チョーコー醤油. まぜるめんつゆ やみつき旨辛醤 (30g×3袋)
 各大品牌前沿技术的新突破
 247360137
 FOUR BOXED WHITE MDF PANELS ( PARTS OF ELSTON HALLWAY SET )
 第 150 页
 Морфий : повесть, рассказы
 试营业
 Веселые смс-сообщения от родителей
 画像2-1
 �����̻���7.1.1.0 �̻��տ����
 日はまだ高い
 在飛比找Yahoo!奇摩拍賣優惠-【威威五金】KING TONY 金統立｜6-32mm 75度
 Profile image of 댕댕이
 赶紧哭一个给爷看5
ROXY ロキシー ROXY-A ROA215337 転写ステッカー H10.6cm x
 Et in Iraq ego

DESCRIPTION OF THE TASK — Return every record, word for word.

TASK ANSWER —
チョーコー醤油. まぜるめんつゆ やみつき旨辛醤 (30g×3袋)
 各大品牌前沿技术的新突破
 247360137
 FOUR BOXED WHITE MDF PANELS ( PARTS OF ELSTON HALLWAY SET )
 第 150 页
 Морфий : повесть, рассказы
 试营业
 Веселые смс-сообщения от родителей
 画像2-1
 �����̻���7.1.1.0 �̻��տ����
 日はまだ高い
 在飛比找Yahoo!奇摩拍賣優惠-【威威五金】KING TONY 金統立｜6-32mm 75度
 Profile image of 댕댕이
 赶紧哭一个给爷看5
ROXY ロキシー ROXY-A ROA215337 転写ステッカー H10.6cm x
 Et in Iraq ego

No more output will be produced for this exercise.